- Task statement
For this exercise, write out only the lines of the entries below from the one with "Michigan Motorsports Headlight" up to and including the one with "Honor هونور X9D", exactly as they are. Pictures stay out.

- Supplied material
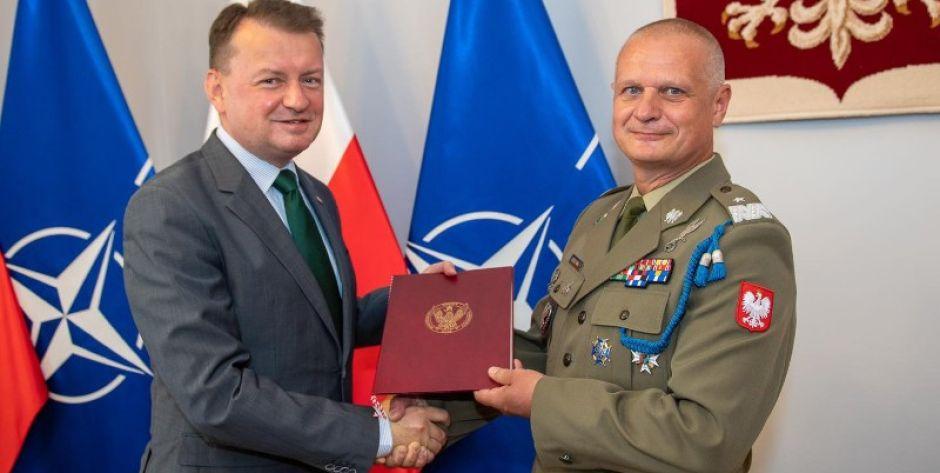 Gen. bryg. Arkadiusz Szkutnik obejmie stanowisko dowódcy 18 Dywizji Zmechanizowanej 8 sierpnia. (fot. FB 18 Dywizji Zmechanizowanej) 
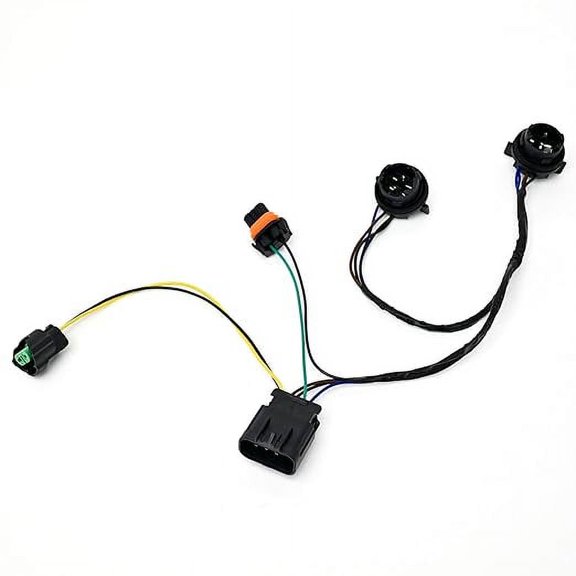 Michigan Motorsports Headlight Harness for 2007-2013 Silverado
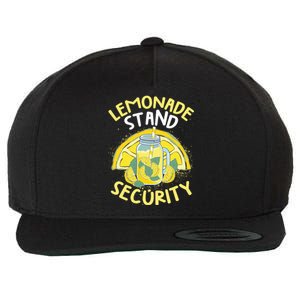 Summer Fun Lemonade Stand Security Boss Lemonade Crew Wool Snapback Cap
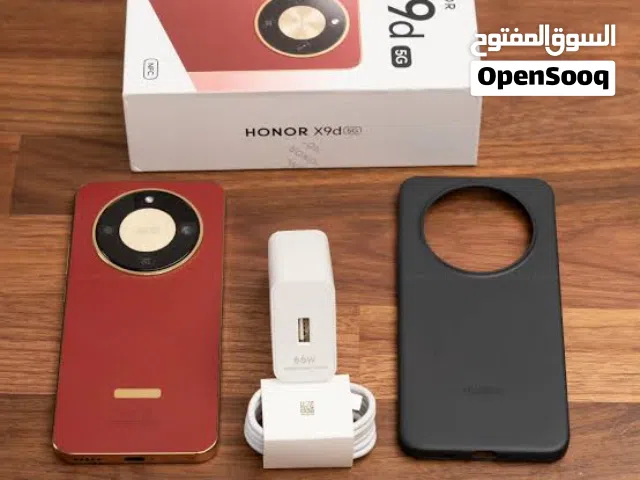 Honor هونور X9D  بحالة وكاله 12Ram.. أستخدام 3 شهور مع كامل ملاحقاته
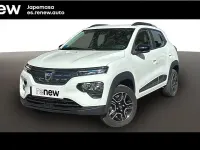 Usado Dacia Spring Comfort 33 kW (45 CV) 2022 Blanco Utilitario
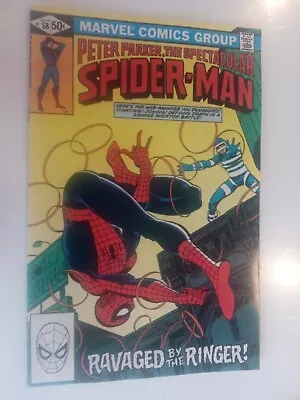 Buy Peter Parker The Spectacular Spiderman 58 NM Combined Ship Add $1  Per Comic  • 5.58£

- Output of the task
 Michigan Motorsports Headlight Harness for 2007-2013 Silverado
 Summer Fun Lemonade Stand Security Boss Lemonade Crew Wool Snapback Cap
 Honor هونور X9D  بحالة وكاله 12Ram.. أستخدام 3 شهور مع كامل ملاحقاته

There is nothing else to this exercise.